2008 Baseball HOF

That was likely a “no way in hell are you getting inducted but you done good, kid” vote. Same for Dunston and, a few years ago, Deshaies.

So you can name all of the best shorstops in the game from the 50’s? If you can without looking it up, I would say that you are the exception not the rule. Ozzie Smith was not much better in the field that Allan Trammell, btw, he just did it with more flair–which made him a marketable kinda guy.

Alomar is an absolute, no-doubt-about-it Hall of Famer. He may have to wait one or two years but it would be insane not to elect him. It would be quite unprecedented for a man with his credentials to be left out.

Alomar was a much greater player than McGriff, and I say that as a big McGriff fan.
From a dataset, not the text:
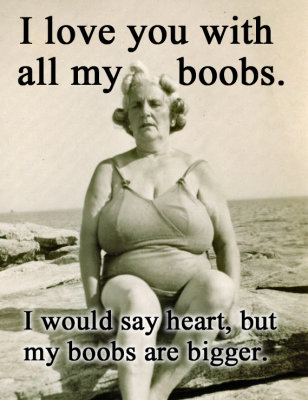 boobs.jpg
McGriff was superficially a better hitter, but the difference in defensive value is monstrous.

For what it’s worth Baseball Prospectus rates Alomar as being 134 wins above a replacement player for his career, McGriff as 100 on the nose. That’s a pretty significant difference, and crosses the range of HoF standards among position players; most players at 100 are marginal picks, and most at 134 are in.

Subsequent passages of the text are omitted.